Other striking demonstrations of fundamental quantum phenomena have stemmed from recent technical wizardry - the ability to manipulate individual atoms or groups of atoms and keep them trapped with lasers or magnets. In 1995, another group of physicist created what's known as a Bose-Einstein condensate. They cooled a collection of a few thousand rubidium atoms to within a whisker of absolute zero, just 200 billionths of a degree above it in fact, and all the atoms fell into lock step - a single quantum state encompassed them all.


The essence of this achievement is simple. Normally, when atoms are jiggling around, bumping into each other, exchanging energy back and forth, they occupy different and ever-changing quantum states. But there is one state out of all the possible quantum states which has absolutely the least amount of energy, and if you could somehow extract enough energy from a group of atoms, they would all fall into this "ground state". Einstein and the Indian physicist S. N. Bose foresaw this possibility as far back as the 1920s.


There's one little corollary - only bosons particles with whole- number quantities of spin - can fall into a Bose-Einstein condensate. Particles with half-number spins (12, 32, 52,...) are called fermions, and obey something called the Pauli exclusion principle, which says that no two fermions can simultaneously occupy the same quantum state. A collection of fermions must always fill up different quantum states, beginning with lowest-energy state and working upwards.
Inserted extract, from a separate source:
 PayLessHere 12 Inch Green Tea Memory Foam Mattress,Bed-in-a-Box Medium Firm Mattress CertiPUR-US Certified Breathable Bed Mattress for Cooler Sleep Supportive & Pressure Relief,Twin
That, incidentally, is why white dwarfs exists. A white dwarf is the dying ember of a star like our own Sun that has finally spent its nuclear fuel. It is tiny, not much bigger than the Earth, but extremely dense, because gravity has squeezed its atoms so close together that all their electrons move freely throughout the whole core of the star. Because electrons are fermions, Pauli's exclusion principle prevents gravity from compressing the star any further. The white dwarf shrinks only to the point where the electrons fill up the available quantum states as compactly as possible. Only if the star is so massive and its gravity so strong that electrons and protons merge into neutrons can the star shrink any further. Even a neutron star has its limits, because neutrons are also fermions, and the size of a neutron star, like that of a white dwarf, is determined by a contest between quantum theory and gravity.


Rubidium atoms are bosons, however, and the 1995 experiment did persuade a collection of these atoms to discard their individuality and behave as one. All these experiments - from the Bose-Einstein condensate, and the Schroedinger-cat beryllium ion, to entangled EPR particles and the double-slit experiment - illustrate in different ways how a single quantum state can reign supreme over an extended region of space. They are just examples of non-locality, the pre-eminently non-classical feature of quantum mechanics. Non-locality may never be as directly observable as a dyed-in-the-wool classical physicist would like, but its consequences are inescapable. Experiments in the past few years prove beyond a shadow of a doubt that quantum mechanics really is as strange as it is different.